Canadian film and new media art collective

Volatile Works is a five-member film and new media art collective in Montreal, Quebec established in 2003.

==Activities==
The Volatile Works collective has produced works in diverse mediums, genres, and styles, with an emphasis on do-it-yourself forms of production. Their works have appeared in over 140 film and new media art festivals in over 28 countries around the world. The collective organizes regular short film screenings, and has collaborated with other collectives and musicians on community-based screenings, workshops in activist video, 16 mm & Super-8 projections, and music videos. Their media include digital video, Super-8, 16mm, animation, web art, sound, installation art, and live performances.

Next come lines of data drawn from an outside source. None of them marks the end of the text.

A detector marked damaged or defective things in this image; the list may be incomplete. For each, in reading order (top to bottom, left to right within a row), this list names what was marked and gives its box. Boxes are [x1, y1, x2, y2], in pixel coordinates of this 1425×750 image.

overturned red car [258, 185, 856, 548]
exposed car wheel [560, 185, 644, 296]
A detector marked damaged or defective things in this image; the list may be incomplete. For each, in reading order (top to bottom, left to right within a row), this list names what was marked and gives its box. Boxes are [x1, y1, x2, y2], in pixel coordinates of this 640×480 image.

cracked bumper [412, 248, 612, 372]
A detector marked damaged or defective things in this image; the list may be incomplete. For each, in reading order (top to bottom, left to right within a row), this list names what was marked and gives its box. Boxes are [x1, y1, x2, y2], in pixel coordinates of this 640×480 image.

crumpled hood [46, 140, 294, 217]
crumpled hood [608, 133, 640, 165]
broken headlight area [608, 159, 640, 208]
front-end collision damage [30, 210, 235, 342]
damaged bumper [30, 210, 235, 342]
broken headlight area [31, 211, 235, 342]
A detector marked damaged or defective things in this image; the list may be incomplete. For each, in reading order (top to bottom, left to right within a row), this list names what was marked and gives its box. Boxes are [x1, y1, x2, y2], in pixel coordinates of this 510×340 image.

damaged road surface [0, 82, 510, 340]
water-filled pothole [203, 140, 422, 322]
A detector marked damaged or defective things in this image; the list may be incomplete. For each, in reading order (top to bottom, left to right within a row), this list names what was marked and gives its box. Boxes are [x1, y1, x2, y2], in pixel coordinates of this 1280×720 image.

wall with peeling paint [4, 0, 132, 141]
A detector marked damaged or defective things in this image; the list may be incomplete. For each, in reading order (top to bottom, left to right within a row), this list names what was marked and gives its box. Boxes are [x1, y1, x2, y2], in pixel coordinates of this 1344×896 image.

In 2007, they were named "Noisemakers" by the Montreal Mirror.

From La Revue de la Cinémathèque Québécoise (Sept-Dec. 2007), by Domique Dugas: "Volatile Works is composed of five very strong and distinct signatures, from Witcaky's experimental films that cross avant-garde accents with surrealism, to DeGiglio-Bellemare's B-movie and horror film explorations seasoned with agitprop perspectives, to Pomgrenade's anti-militarism and politically engaged cinema." (Translated from the French).

== Collective screenings ==
- Curated screening at the invitation of Versionfest >05: Volatile Shorts Film Program (Chicago, USA), April 2005
- Collective screening at the invitation of the Cinémathèque Québécoise: Volatile Works Does the Cinémathèque! (Montréal, Canada), November 23, 2007
- Retrospective screening at the invitation of Fantasia Festival (Montréal, Canada), July 11, 2007
- Curated screening at the invitation of New York Experimental: Volatile Works Collective Does New York! (New York, USA), March 24, 2007
- "Live" projections with musicians at the invitation of the Rendez-vous du cinéma Québécois: Soirée Tryptique avec Volatile Works, Karl Lemieux, et Pierre Hébert (Montréal, Canada), February 22, 2008

== Collective awards==
- 2005: Awarded the special flEXiff Award for five of its films at The First and Last Experimental International Film Festival, Sydney, Australia: House, Kuleshov's Cabinet, NatoNosferatu, Resettlement [floating home], and Zombie Business.
- 2007: Awarded the special MUFF Award for four of its films at the Second Montreal Underground Film Festival, Montreal, Quebec, Canada: Ikuma Siku, Kuleshov's Paradox, Lust, and Uncanny.

== Individual awards==
- 2005: Zombie Business (Mario DeGiglio-Bellemare - 3rd Place, Best Québécois DIY Shorts, at the Fantasia Film Festival, Montréal, Canada.
- 2005: Zombie Business (Mario DeGiglio-Bellemare) - Best Director Award (Shorts category), at the International Festival of Horror, Cincinnati, USA.
- 2005: Donkey Harvest (Allan Brown) - Best of the Fest, at the Bearded Child Film Festival, Grand Rapids, Minnesota, USA.
- 2006: Donkey Harvest (Allan Brown) - Coppa Cannibale Award, at the 19th Stuttgart Filmwinter, Germany.
- 2006: Donkey Harvest (Allan Brown) - Meilleur Ambiance/Prix du Public, at Vitesse Lumière, Québec, Canada.
- 2011: Main Attraction (Mario DeGiglio-Bellemare) - Special flEXiff Award, at The First and Last Experimental International Film Festival, Sydney, Australia.
- 2011: Kinetosis (Allan Brown) - Festival Prize Winner, at the Alternative Film/Video 2011 Festival, Belgrade, Serbia.